Writing functions in R

R for palaeobiologists: Workshop and Hackathon

Function basics

What is a function

takes input –> does something –> returns output

mean(c(1, 2, 3))
[1] 2


A function needs a name, arguments in (), and a body in {}


subtract <- function(arg1, arg2) { 
  arg1 - arg2 
} 


subtract(2, 1)
[1] 1

Why do we need functions

  • Readability
  • Organisation
  • Modularity
  • Reusability

Imagine calculating the mean without standard functions like mean or sum:

  data <- c(1,2,3)
  total <- 0
  count <- 0
  for (value in data) {
    total <- total + value
    count <- count + 1
  }
  total/count
[1] 2

Arguments

Arguments need to be provided in the correct order, or specified by name:

subtract(2, 1)
[1] 1


subtract(1, 2)
[1] -1


subtract(arg2 = 1, arg1 = 2)
[1] 1

Default values

Make function use more convenient, can hide complexities.

subtract(2)
Error in subtract(2): argument "arg2" is missing, with no default


This will work if we set a default for arg2:

subtract <- function(arg1, arg2 = 1) {
  arg1 - arg2
}


subtract(2)
[1] 1


Ellipsis (‘…’)

Additional, optional arguments can be allowed by using ‘…’ as the last argument:

my_plot <- function(arg1, arg2, ...) {
  plot(arg1, arg2, ...)
}


my_plot(2, 1, col = "red", pch = 17, cex = 2)

Return

A function generally should return something, but this does not:

subtract <- function(arg1, arg2) {
  result <- arg1 - arg2
}
subtract(2,1)


Return explicitly with return, or place return value at the end of the function:

subtract <- function(arg1, arg2) {
  result <- arg1 - arg2
  return(result)
}
subtract(2,1)
[1] 1


Return multiple objects

just_return <- function(arg1, arg2) {
return(arg1)
return(arg2)
}
just_return(2, 1)
[1] 2

This did not work as intended.

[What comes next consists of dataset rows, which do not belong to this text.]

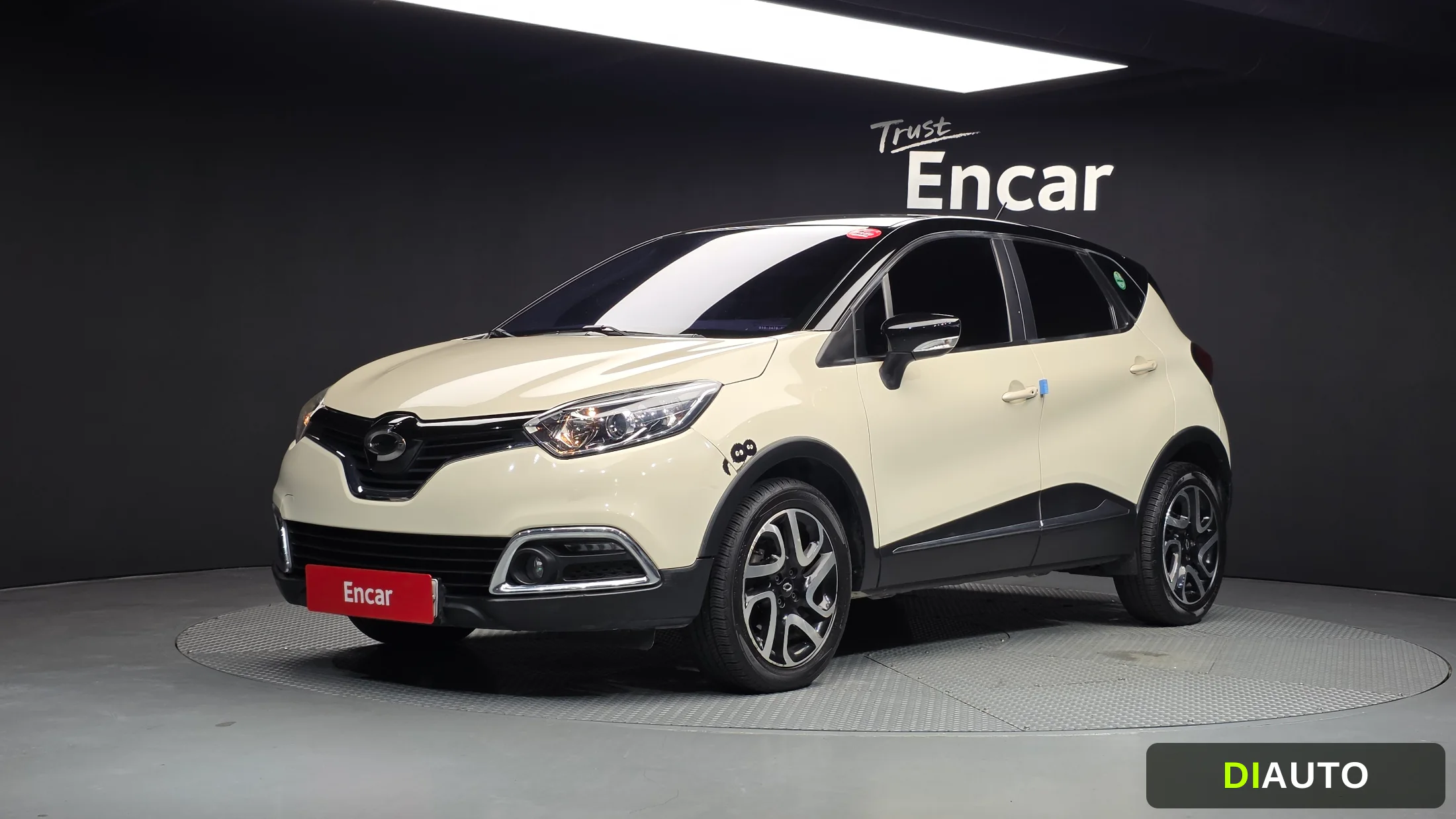 Renault-KoreaSamsung QM3
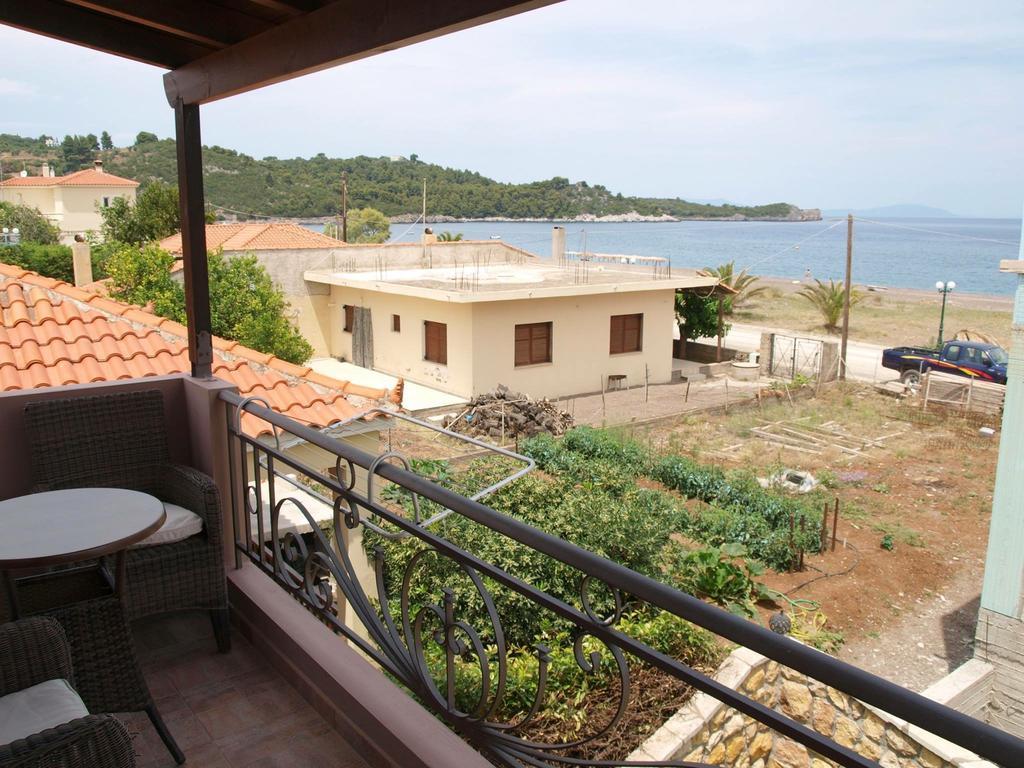 Agia Anna Apartments * Agia Anna (Evia)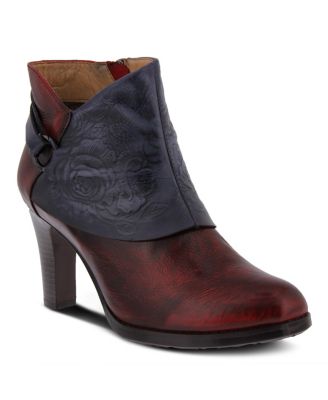 celebrity pink duke bootie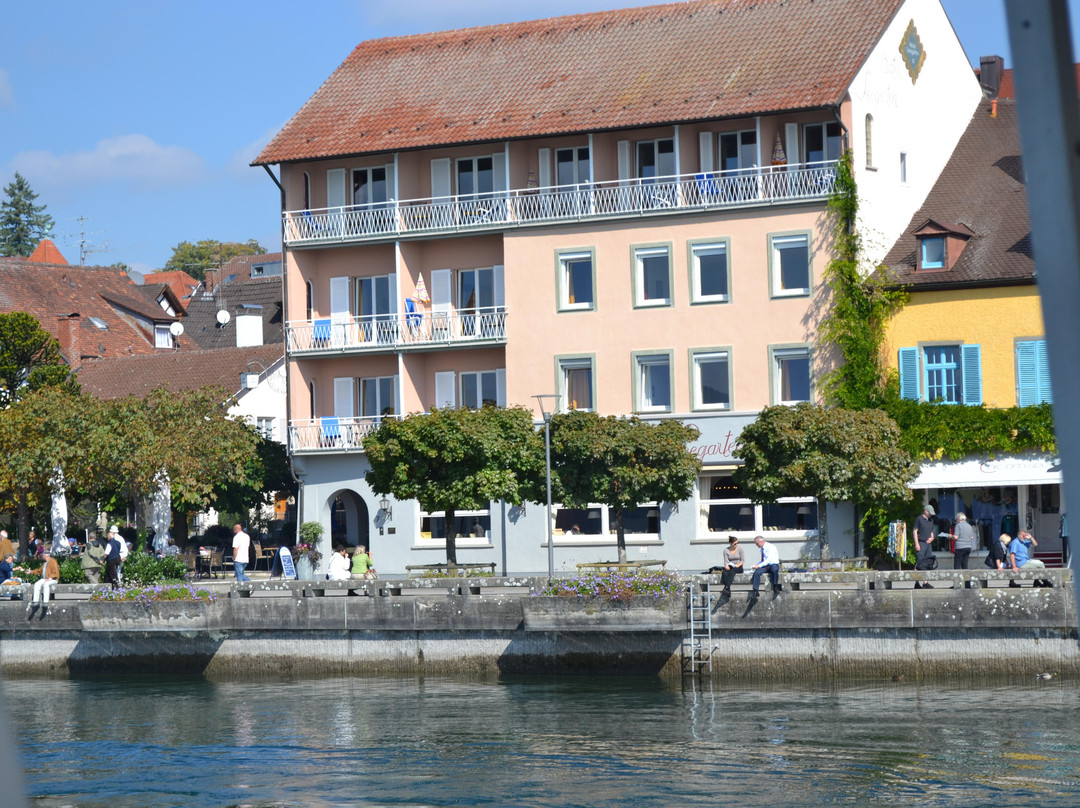 乌伯林根酒店住宿-Hotel Seegarten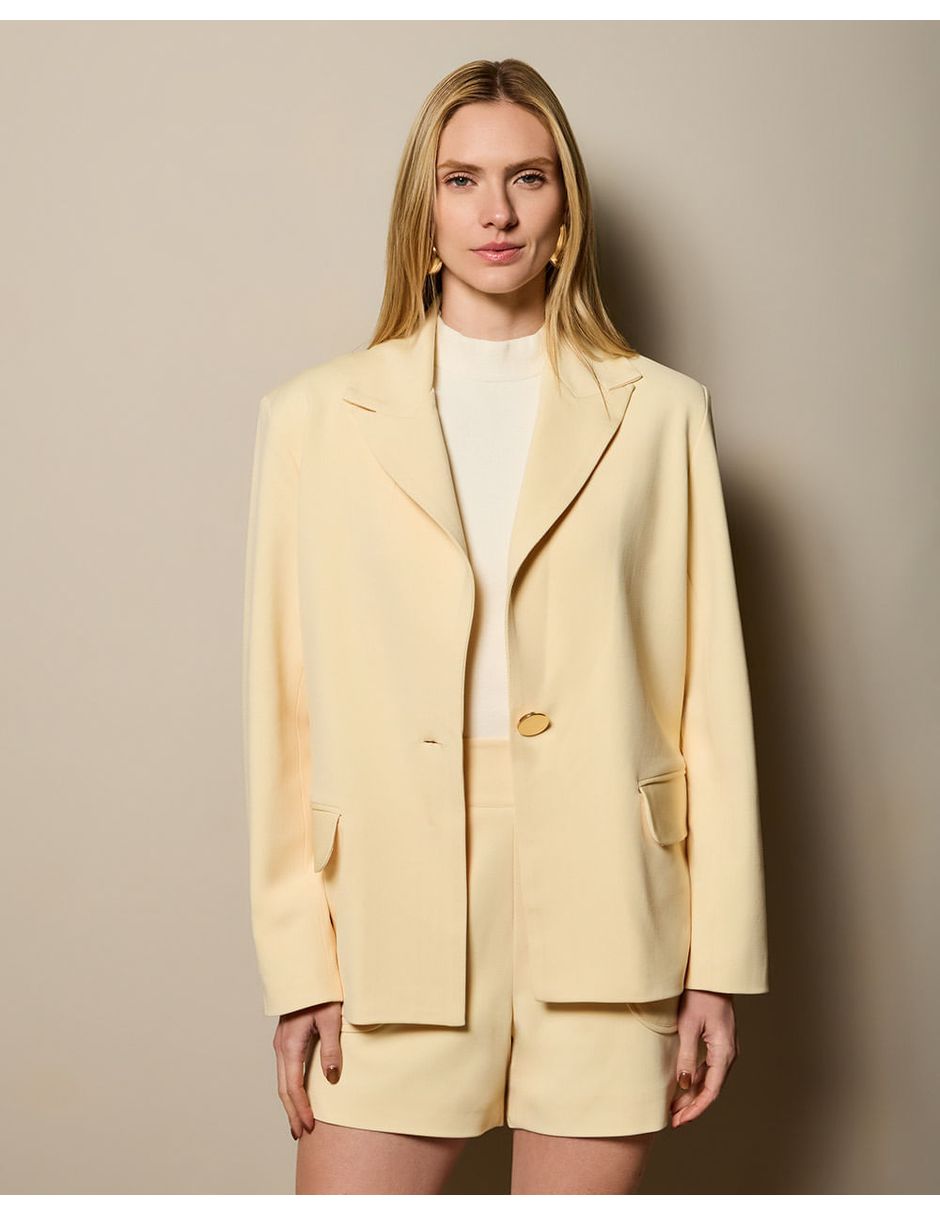 Blazer Casual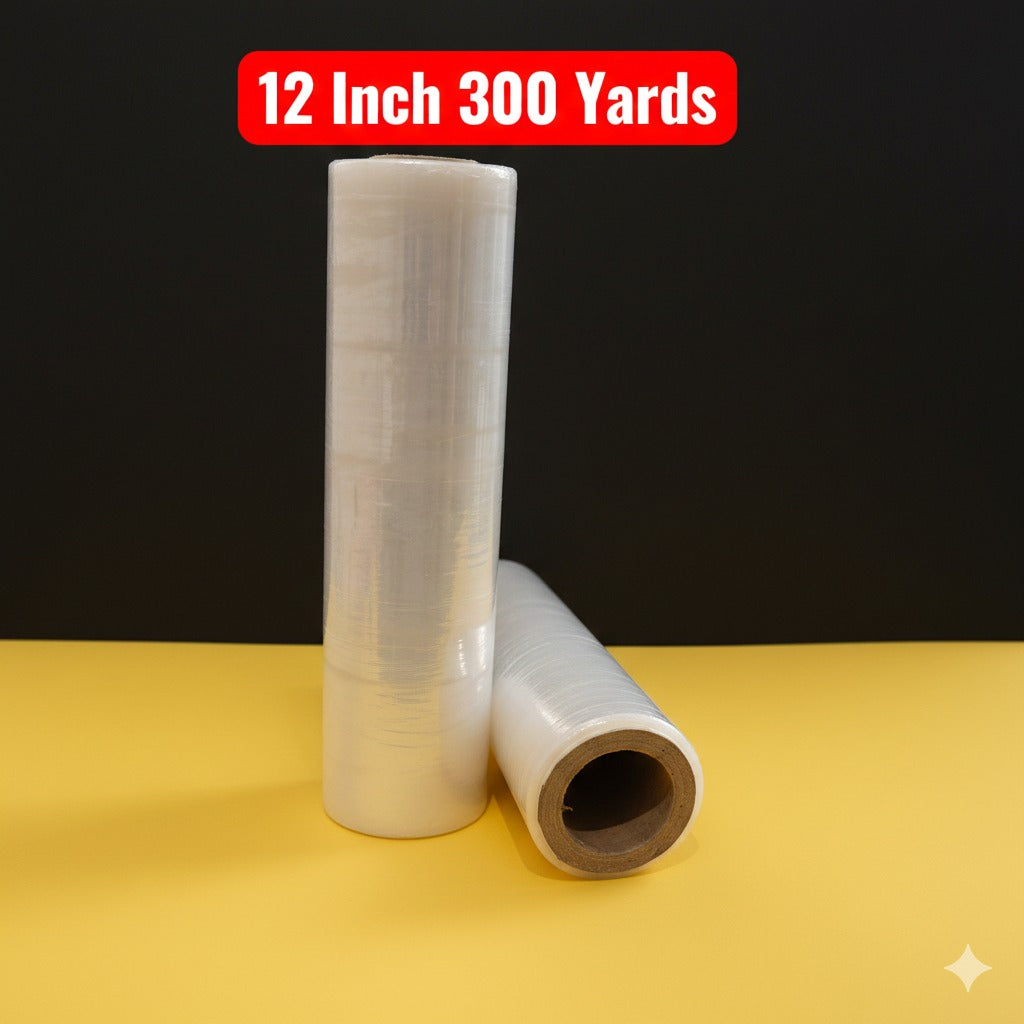 High Quality Shrink Wrap Packing Plastic Sheet Roll
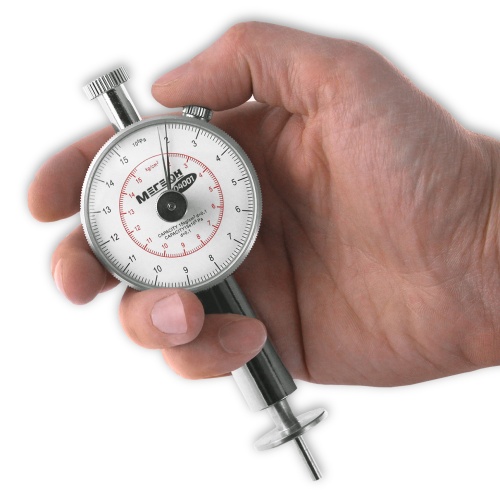 Пенетрометр МЕГЕОН 04001 - внешний вид фото 5 Пенетрометр МЕГЕОН 04001 фотография фото 5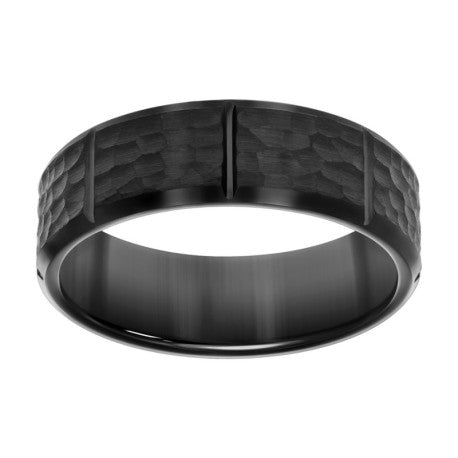 8mm Tungsten Ring S7-S14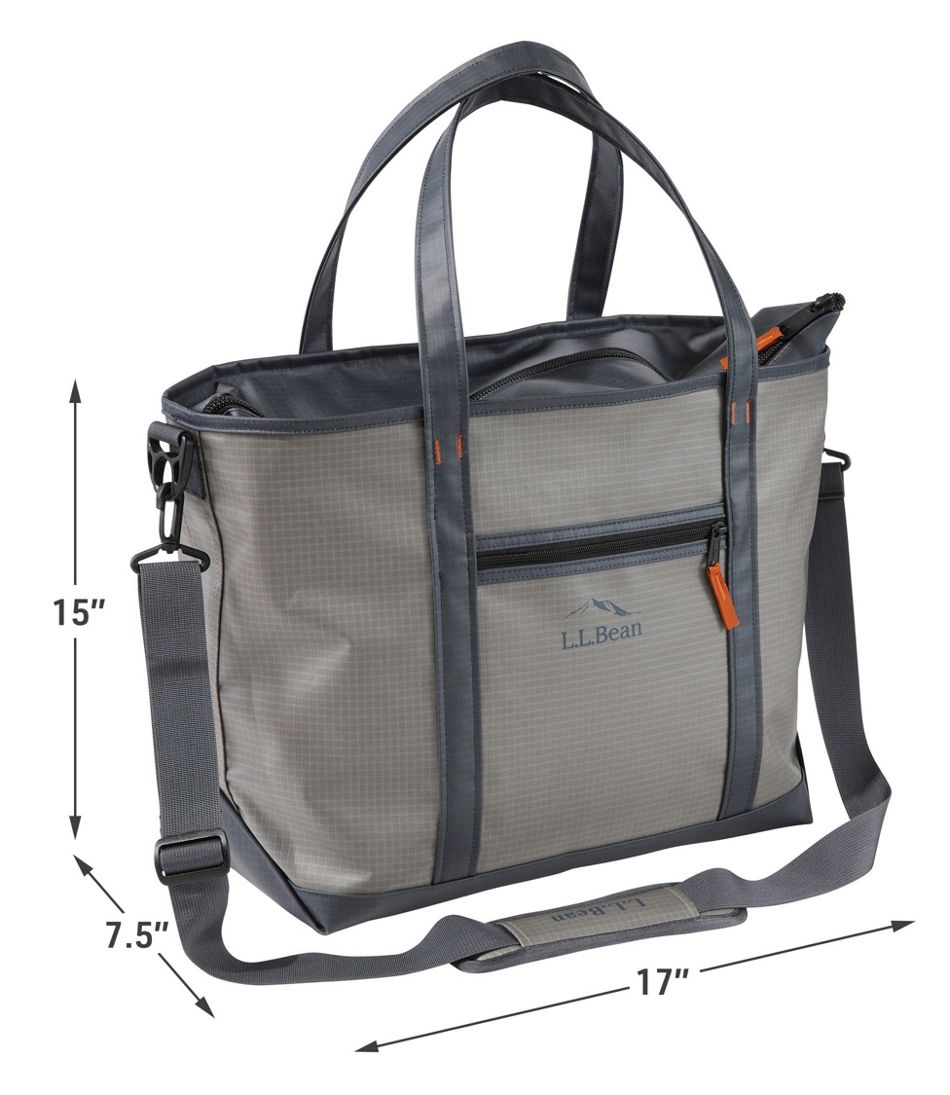 Angler's Lightweight Tote | L.L.Bean online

R functions only return one object. Instead use lists or other data structures:

just_return <- function(arg1, arg2) {
return(c(arg1, arg2))
}
just_return(2, 1)
[1] 2 1

Binary operators

Standard function syntax:

sum(c(1,2))
[1] 3

Operator syntax:

1 + 2
[1] 3

Most binary operators come in %:

3 %in% c(1,2,3)
[1] TRUE


Custom binary operators – let’s define an operator for “not in”:

`%!in%` <- function(x, y) !(x %in% y)
3 %!in% c(1,2,3)
[1] FALSE

Control structures – if

if a condition is true, do something.

if (1 + 1 == 2) print("True")
[1] "True"


add_or_subtract <- function(arg1, arg2, operation) {
 if (operation == "add") {
   result <- arg1 + arg2
 }
 if (operation == "subtract") {
   result <- arg1 + arg2
 }
 result
}
add_or_subtract(2,1,"add")
[1] 3

Control structures – else

else instructs what to do when the if condition is not met.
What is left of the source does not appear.